Svitlana Blahodietelieva-Vovk, a coordinator of the 'Dysergate' initiative, characterized Drozdovsky's claims as manipulative attacks.
Serhiy Trymbach, a film critic and member of the Committee for the National Taras Shevchenko Award, praised those fighting plagiarism and criticized Drozdovsky's audacious behavior.

Subsequent revelations brought to light further unethical actions by Drozdovskyi, including non-cited borrowings in his book 'Code of the Future' (2006), plagiarized articles in academic journals, and allegations of deceit from illustrator Khrystyna Lukashchuk.

The controversy persisted with director Bohdan Tykholoz's claim in February 2022, asserting that 53% of Drozdovsky's article consisted of borrowed text from his work on Ukrainian writers of the 1960s. Tykholoz called for public condemnation, exclusion from academic committees, and scrutiny of Drozdovsky's other works' authenticity, intending to pursue legal action for copyright protection.

As of January 2024, the latest controversy involving Drozdovsky was the news of him and Andrew Sheppard being awarded the Cabinet of Ministers of Ukraine Maxym Rylskyi Prize. One of the committee members Maxym Strikha protested by resigning and highlighting the award's questionable basis. The controversy prompted concerns about the award's credibility and the potential use of machine translation or AI for the awarded translation. Poet and curator Bohdan-Oleh Horobchuk covered the scandal in detail, criticizing top officials and advocating for reevaluation of the committee's composition and award decisions.

==Works==
- Code of the Future (Kyiv, 2006, supervisor of the book is Prof.
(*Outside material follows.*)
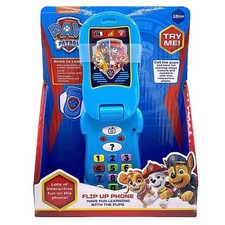 Flip Up Phone - Paw Patrol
Oxana Pachlovska)
- Meridian of Understanding (Kyiv, 2011)
- Between Demonic and Historiosophic: William Shakespeare in Modern and Post-Postmodern Outlines (Kyiv, 2014)

===Articles===
- Postmodern Literature: Ruined Aesthetics or New Frontiers? // Journal of Literature and Art Studies. — Vol. 1. Number 2. — August 2011. — Р. 132–143.
- The Life after the End: Dialogues with the Classics // The International Journal of the Humanities. — Vol.8, Number 12. — 2011. — P. 111–120.